Exercise data
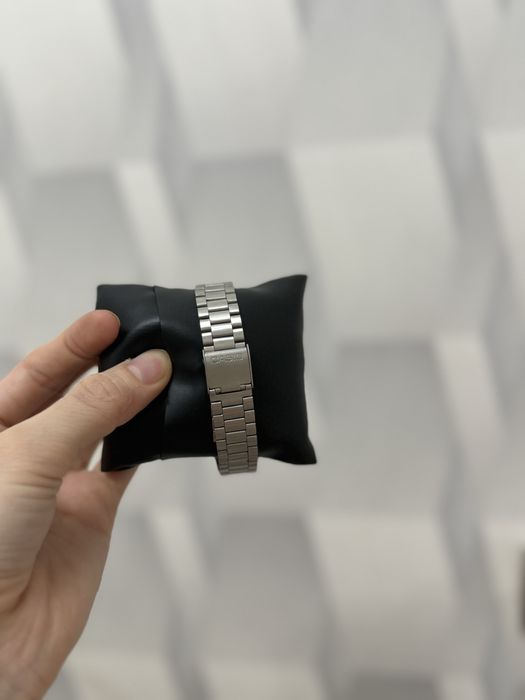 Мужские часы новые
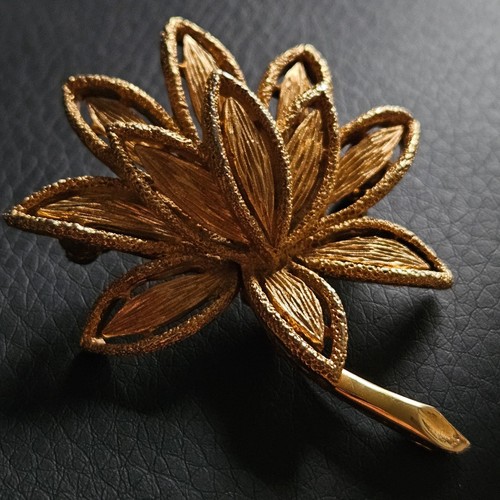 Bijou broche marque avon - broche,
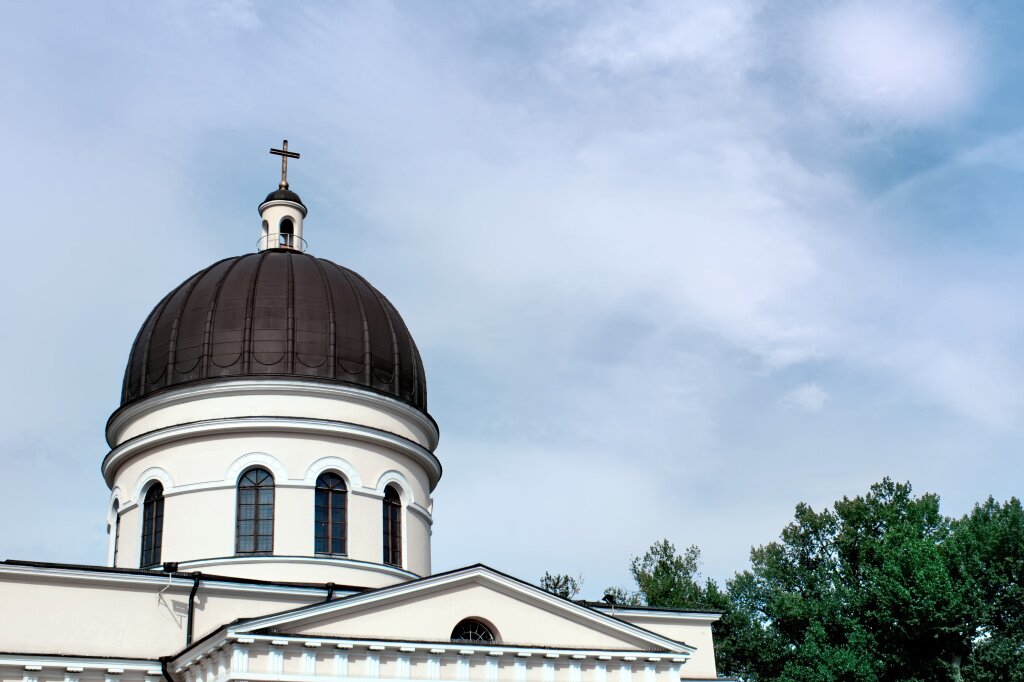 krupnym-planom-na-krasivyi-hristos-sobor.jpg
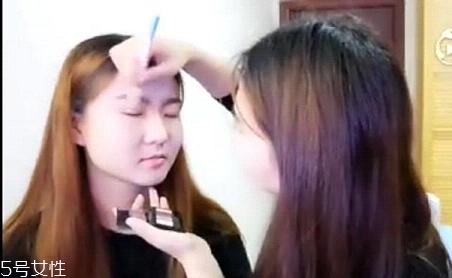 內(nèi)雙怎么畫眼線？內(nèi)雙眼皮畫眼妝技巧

...

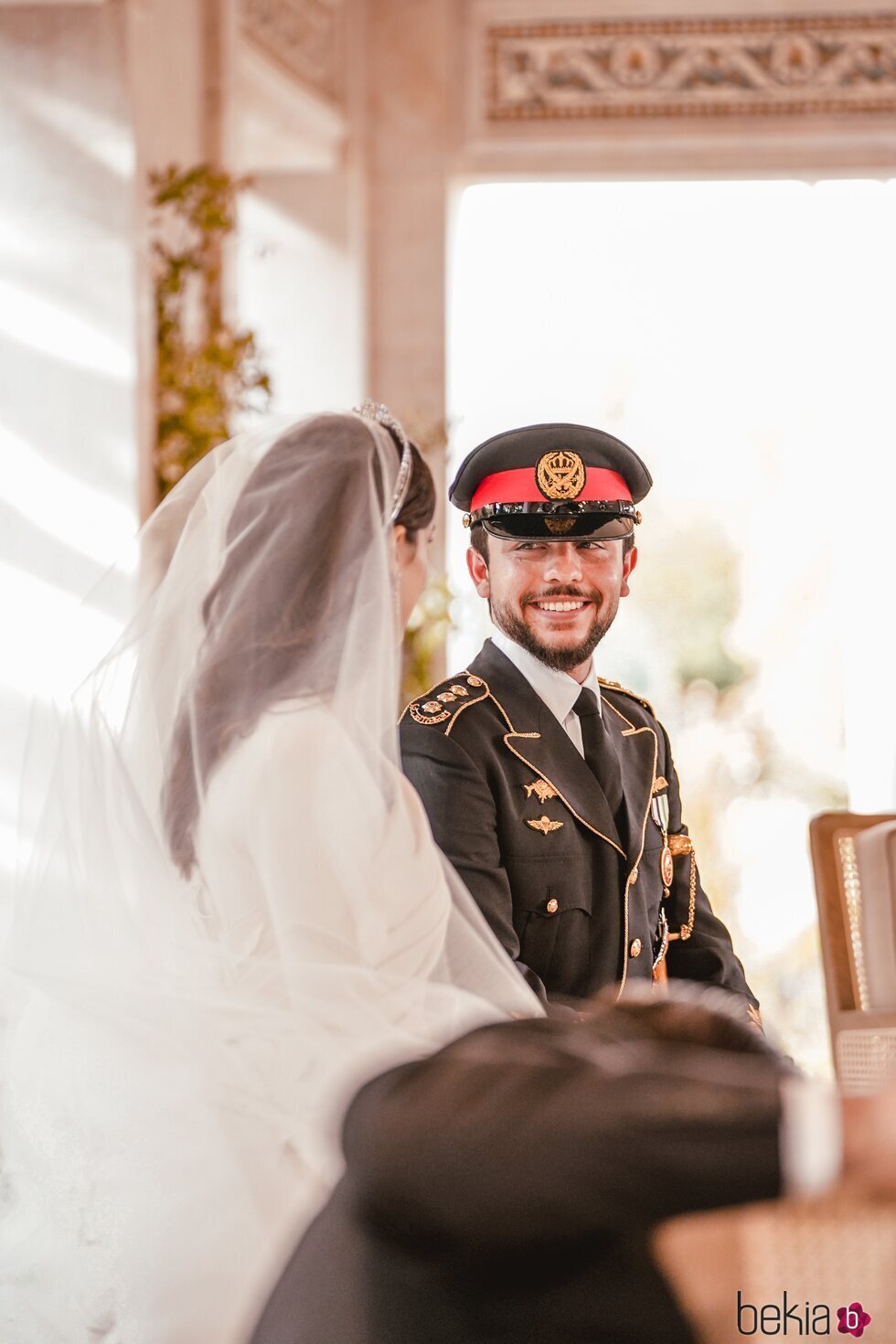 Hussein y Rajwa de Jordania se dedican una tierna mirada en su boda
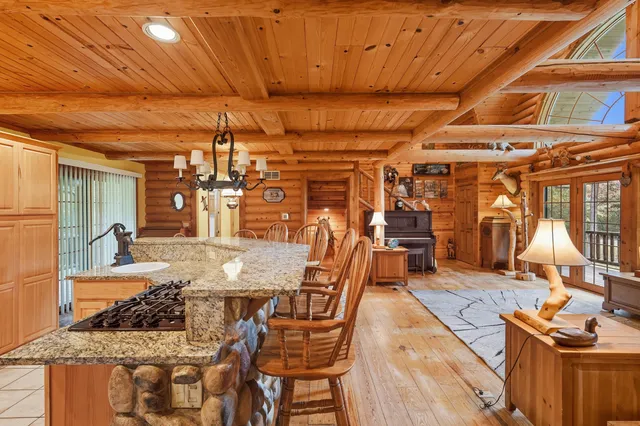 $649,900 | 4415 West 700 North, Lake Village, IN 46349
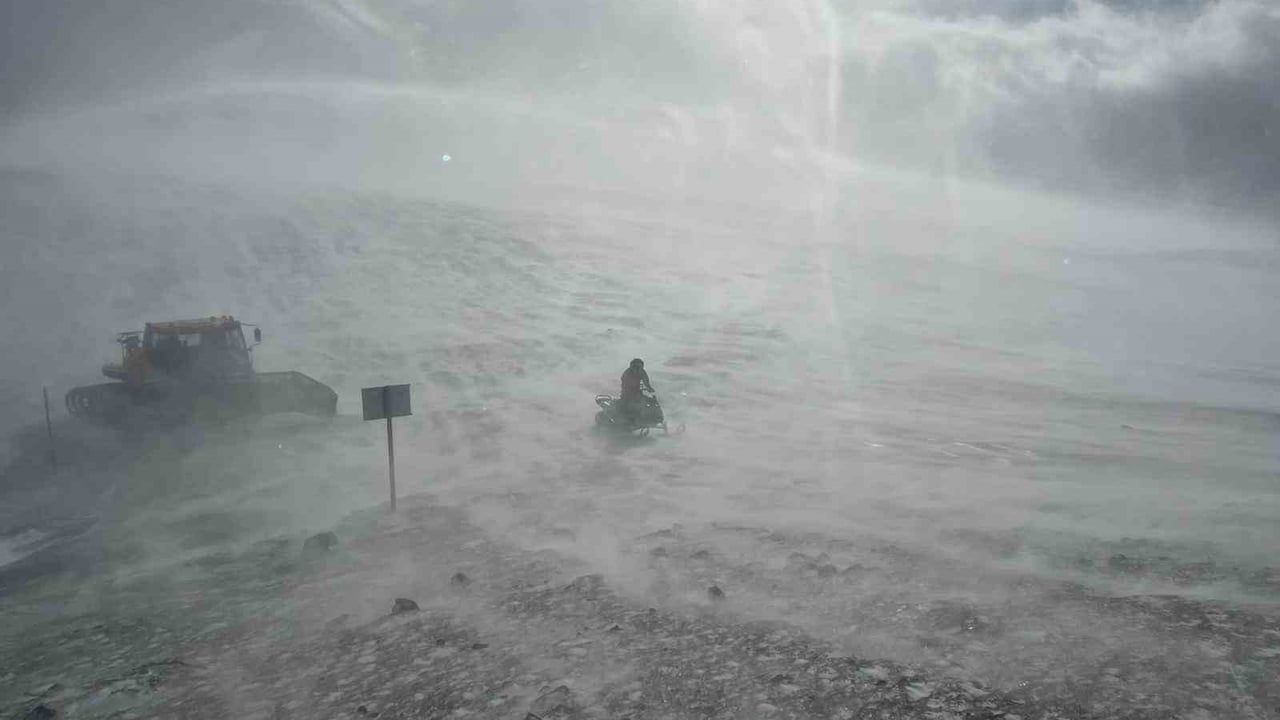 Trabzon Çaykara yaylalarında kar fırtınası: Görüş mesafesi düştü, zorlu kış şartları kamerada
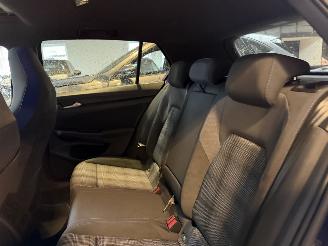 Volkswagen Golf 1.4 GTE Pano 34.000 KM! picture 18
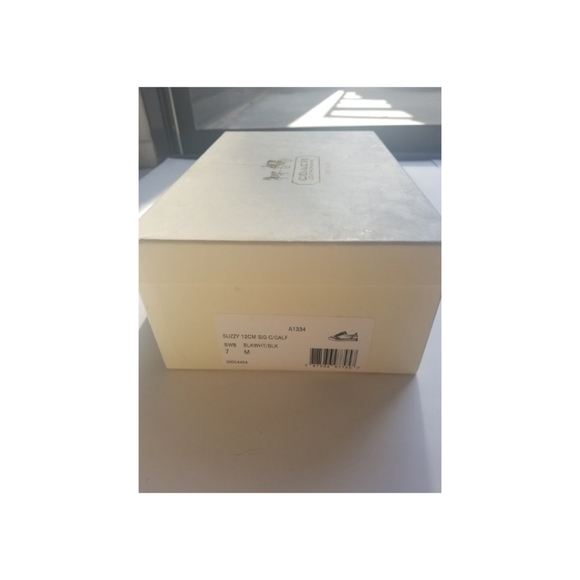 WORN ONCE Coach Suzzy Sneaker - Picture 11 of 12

Exercise requirements
Go back to the lines above and output, exactly as they stand, the ones from the line containing "Bijou broche marque" to the line containing "內(nèi)雙怎么畫眼線？內(nèi)雙眼皮畫眼妝技巧". Leave all pictures behind.

Answer for this exercise
 Bijou broche marque avon - broche,
 krupnym-planom-na-krasivyi-hristos-sobor.jpg
 內(nèi)雙怎么畫眼線？內(nèi)雙眼皮畫眼妝技巧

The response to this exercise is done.